I've wanted a truck for some time now, but it's always seemed like the kind of thing that would have to be another vehicle. You know, a car for commuting and road trips, then the truck for towing and runs to get mulch in the summer. In my eye, the R1T, much like the Honda Ridgeline, offers enough practicality to be a legit daily driver.
That pass-through space beneath the rear bed gave me thoughts of loading one up with my dogs and snowboards and heading up to Vermont for the weekend. There's plenty of cargo space in the frunk for a weekend's get-away, and enough range to make it round-trip. I admit I think the thing is ugly, but I really don't care. I want one. I also want to believe the company can deliver on all those range and performance numbers. On that time shall tell.
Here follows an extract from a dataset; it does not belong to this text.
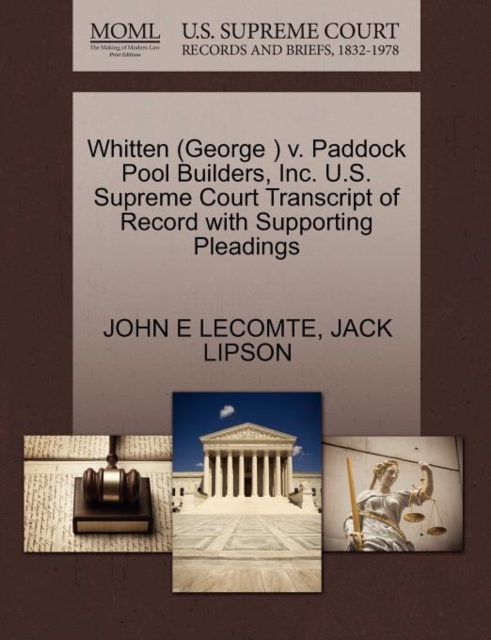 Whitten (George ) V. Paddock Pool Builders, Inc. U.S. Supreme Court Transcript of Record with Supporting Pleadings, Paperback / softback Book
Mercedes-Benz showed the EQ Silver Arrow concept at this year's Monterey Car Week, ahead of the Pebble Beach Concours d'Elegance. It's a tribute to the 1937 W125 Rekordwagen that set a speed record of 268 miles per hour on a public road -- something that wouldn't be broken until 2017.
While the original Rekordwagen used a 725-horsepower V12 engine, the EQ Silver Arrow Concept is powered by electricity. The combination of an "advanced battery" and electric motor is said to be good for 738 horsepower, and a top speed in excess of 250 mph.
The Silver Arrow has just one seat, and takes the shape of a futuristic interpretation of the classic land speed racer. The huge wheels measure 24 and 26 inches in diameter, front and rear, respectively. And the concept is a full 17 feet long. It's massive, impressive and looks super-duper cool.
Oftentimes automaker "concepts" are little more than paint-and-stripe packs. Not so with the Honda Rugged Open Air Vehicle, which demonstrates serious creativity in making a pickup truck-based ATV.
Combining important parts from the Honda Ridgeline pickup and the Pioneer 1000 side-by-side, the concept looks to give the open-air, off-road experience in a big, elaborate way.
Sure, I know a vehicle as outlandish as this concept will never be built. But isn't the point of concepts to dream big while also highlighting your engineers' and designers' abilities? Honda's off-roader nails that mission and, let's be honest, has me jonesing to take the concept for a sneaky test drive.